# make and makefile (Help!)



## Zeus (Sep 30, 2005)

Hi,
i've found a useful PAM module (is basically a C code). thereis no configure script and make fails.
is there anyone can put me on the right way ?

Here is the project page:
http://www.hexten.net/pam_abl/

and
Here is the souce code
http://www.hexten.net/assets/pam_abl-20050110-0.2.2.tar.gz


----------



## nixgeek (Sep 30, 2005)

Try using Fink.

http://fink.sourceforge.net


----------



## Zeus (Sep 30, 2005)

mmm ... 
there is no project matching this name in Fink.

... any way ... i think this is a Linux specific module and can't be ported to *BSD without code optimization.
it's not a makefile related problem


----------



## nixgeek (Sep 30, 2005)

Have you tried adding the necessary files to compile this module using Fink?  You could also install the developer tools that come with the Mac OS X install CDs.  They include a lot of the BSD subsystem as well as GCC and Xcode.


----------



## Zeus (Sep 30, 2005)

yes ... but ... it doesn't work.

:-(


----------



## nixgeek (Sep 30, 2005)

Are you doing this through the terminal?  That is how you have to run fink...unless you use FinkCommander which is a front end to it.

http://finkcommander.sourceforge.net/


----------



## Zeus (Sep 30, 2005)

yes ... i've installed the Commandline version .... 
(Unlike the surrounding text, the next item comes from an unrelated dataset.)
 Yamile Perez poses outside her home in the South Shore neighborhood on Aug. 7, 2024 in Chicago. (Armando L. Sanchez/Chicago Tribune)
do you think i 've to try the GUI frontend ??


----------



## AndyArmstrong (Oct 1, 2005)

I'm the author of pam_abl. It won't currently work with the BSD PAM implementation - it's Linux only. Making it work on BSD and hence Darwin / OSX is on the to-do list 

I'm a Mac user myself so there's definitely a strong chance I'll actually get round to it...


----------



## Zeus (Oct 1, 2005)

Hi Andy,
please let us know when this wonderful piece of soft will be mac-compatible

Thanks


----------